Therefore, if we can know consciousness, we must be able to know objects. If we can know objects, then solipsism is false. To be conscious is to be conscious of something.
Forgive me for the delay, I’ve been thinking again.
The problem with saying that if we know consciousness, then we must know objects, and if we know objcts, then they must be real, is that the mind can’t possibly do anything else. It must always be the observer of things, the dreamer of things, the thinker of things. Its identity will always be an indirect one, as the experiencer, and not the experience. However this is true whether its experiencing “reality”, or a dream, or an hallucination, or an out of body experience. It’ll always be the experiencer, because that’s what it is.
But we know that in many instances, what the mind experiences isn’t objectively real. As in dreams, hallucinations, and optical illusions. But how are we to know that what the mind experiences is ever “real”? Your argument seems to be that since the mind is the experiencer of things, it can’t pre-exist the things it experiences. I would agree that this is true, but that says nothing about whether those things are real. It really doesn’t. It merely suggests that the mind isn’t the source. It isn’t the first cause. It must arise from something else.

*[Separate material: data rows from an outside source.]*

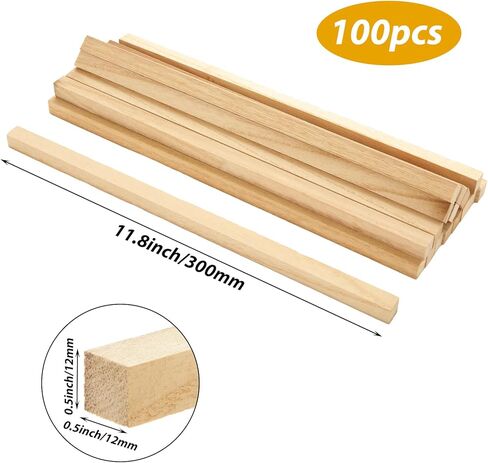 100PCS 1/2" x 12" Square Dowel Rods, Square Wooden Sticks for Crafts, Unfinished Wood Strips for Woodworking, Crafting, Home Decor, Model Making in Kuwait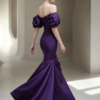 Dark Purple Off Shoulder 3D Floral Satin Mermaid Formal Evening Maxi Gown
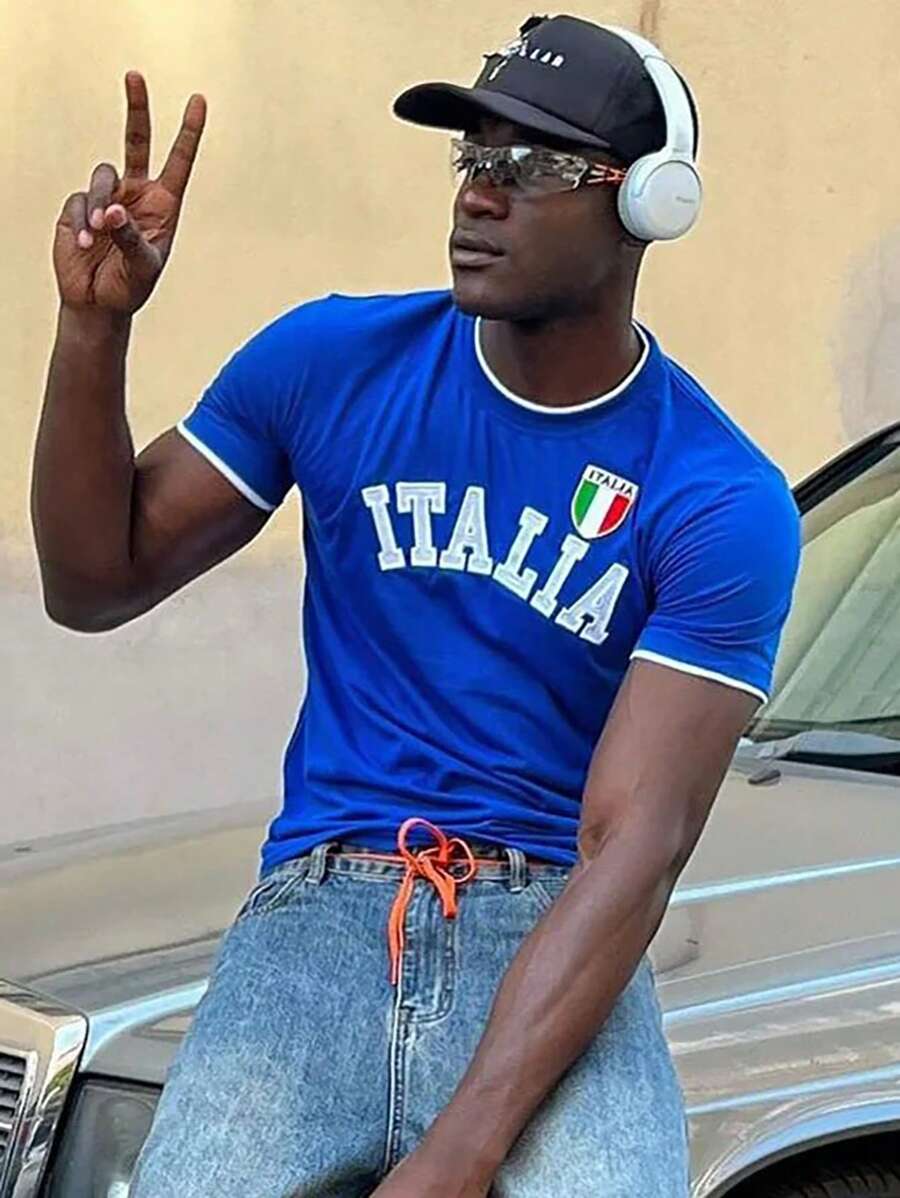 Manfinity Dauomo 男士義大利字母印花短袖T恤 - 藍色 - 查看 1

I’ve sincerely tried to follow your line of reasoning, but the rabbit hole becomes very confusing after a while. Until once again I come to the point of concluding that I just don’t know. And that it’s best to simply accept that I don’t know. I could be like aclausen and conclude that such lines of reasoning are pointless and irrelevent, but some of us at least, are drawn to follow them anyway. But I always keep in mind, that questioning the nature of reality doesn’t necessarily mean questioning the value of reality. Indeed, wondering why I am, may be as much a part of life, as knowing that I am.